RBSE Class 12 Biology Chapter 5 Notes Principles of Inheritance and Variation

→ The process of which characters are transferred from one generation to the next generation is called inheritance heredity.

→ The differences in trait of individuals of a progeny from each other and from their parents are called variations.

→ The branch of biology which deals with the study of inheritance and variation is called genetics.

→ Mendel was the first to study the phenomenon of inheritance. While studying the pattern of inheritance in Pisum sativum plants of contrasting character, he proposed the principles of inheritance, which are today reffered to as Mendel’s law of inheritance.    

→ Mendel observed that the expression of the characters in the offspring follow a definite pattern in different-fruit generation (F₁), second (F₂) and so on. 

→ Law of dominance states that when two alternative forms of a trait are present in an organism, only one factor expreses itself in F₁ progeny and is called dominant while the other that remains masked is called ricessive.

→ Law of segregation states that the factors or alleles of a pair segregate from each other during gamete formation, such that a gamete receives only one of the two factors. They do not show and blending.

→ According to law of independent assortment the two factors of each character assort or separate out independent of the factors of other characters of the time of gamete formation and get randomly rearranged in the offspring producing both parental and new combinations of characters.

→ Beside Mendel’s inheritance, other patterns of inheritance are also observed such as, incomplete dominance, co-dominance, pleiotropy, polygenic inheritances etc.

→ According to the chromosomal theory of inheritance, Mendelian factors are situated on chromosomes and chromosomes segregate and assort independently during meiosis or gamete formation.
 
→ Experimental verification of the chromosomal theory of inheritance in Drosophila was done by T.H. Morgan and his colleagues.

→ The physical association of two or more genes on a chromosome is called linkage. In other words, when two or more genes are closely located on a chromosome, then both the genes are passed on together in the next generation.
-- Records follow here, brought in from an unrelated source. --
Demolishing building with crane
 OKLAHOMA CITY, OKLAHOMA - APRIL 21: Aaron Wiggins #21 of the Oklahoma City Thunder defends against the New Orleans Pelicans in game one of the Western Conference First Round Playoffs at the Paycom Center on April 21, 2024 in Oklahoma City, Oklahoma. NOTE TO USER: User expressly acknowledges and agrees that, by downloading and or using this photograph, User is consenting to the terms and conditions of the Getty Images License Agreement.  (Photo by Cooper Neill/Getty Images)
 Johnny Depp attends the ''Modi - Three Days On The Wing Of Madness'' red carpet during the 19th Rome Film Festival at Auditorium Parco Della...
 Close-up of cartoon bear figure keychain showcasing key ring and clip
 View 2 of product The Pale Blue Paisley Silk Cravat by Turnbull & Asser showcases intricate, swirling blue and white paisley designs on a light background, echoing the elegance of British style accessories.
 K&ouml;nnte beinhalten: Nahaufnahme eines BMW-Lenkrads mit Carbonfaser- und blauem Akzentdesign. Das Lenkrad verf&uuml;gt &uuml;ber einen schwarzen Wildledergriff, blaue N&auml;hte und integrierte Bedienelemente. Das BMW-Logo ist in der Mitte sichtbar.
This type of inheritance is called as linkage.

→ Recombination involves the generation of non-parental gene combinations.

→ The establishment of sex through differential development in an individual at the time of zygote formation is called sex determination.

→ In human, sex determination is of XX-XY type.

→ Mutation is a phenomenon which causes alteration of DNA sequences resulting in changes in the genotype and the phenotype of an organism.

→ Pedigree analysis is an analysis of traits in several generations of a family.

→ A number of disorders in human beings are associated with the inheritance of changed or altered gene or chromosomes. These are called genetic disorders.

→ Haemophilia, colourblindness, sickle-cell anaemia, thalasemia, phenyl-ketonuria etc., are mendelian disorders, Down’s syndrome, Turner’s syndrome, klinefelters syndrome etc., are chromosomal disorders.

→ Gene: An ordered sequence of nucleotide which acts as the functional subunit of hereditary information.

→ Gene locus: The specific location of a particular gene on a homologous chromosome.

→ Allele: Alternative form of gene, having the same locus in homologous chromosome.

→ Factor: The term used by Mendel for gene at his time.

→ Haploid: The situation where the number of chromosome is half as in gamete.

→ Diploid: The situation where two sets of chromosomes are present.

→ Genotype: Genetic makeup of an organism.

→ Phenotype: The visible trait of an organism.

→ Locus: The region of a chromosome that is associated with the expression of a particular gene.

→ Hybrid: An individual produced by *fhe mating of genetically unlike parents.    

→ Co-dominance: A pattern of inheritance in which both alleles of a gene are expressed.

→ Monohybrid Cross: A cross involving parents that differ with respect to alleles of one locus.

→ Dihybrid cross: A cross involving parents that differ with respect to two different pairs of alleles.

→ Gamete: A haploid sex cell.

→ Trait: A phenotypic characteristic associated witht the expression of a single gene.

→ Pure line: A strain of homozygous, true breeding organisms formed either through repeated self-fertilization or breeding between homozygous identical ancestors.

→ Genome: The total number of genes present in the haploid set at chromosomes.

→ Pleiotropic gene: When a gene produces more than one phenotypic effects totally unrelated, it is called pleotropic gene.

→ Linkage: Physical association of two or more genes on a chromosome.

→ Mutation: A phenomenon which causes alternation of DNA sequence resulting in changes in the genotype and phenotype of an organism.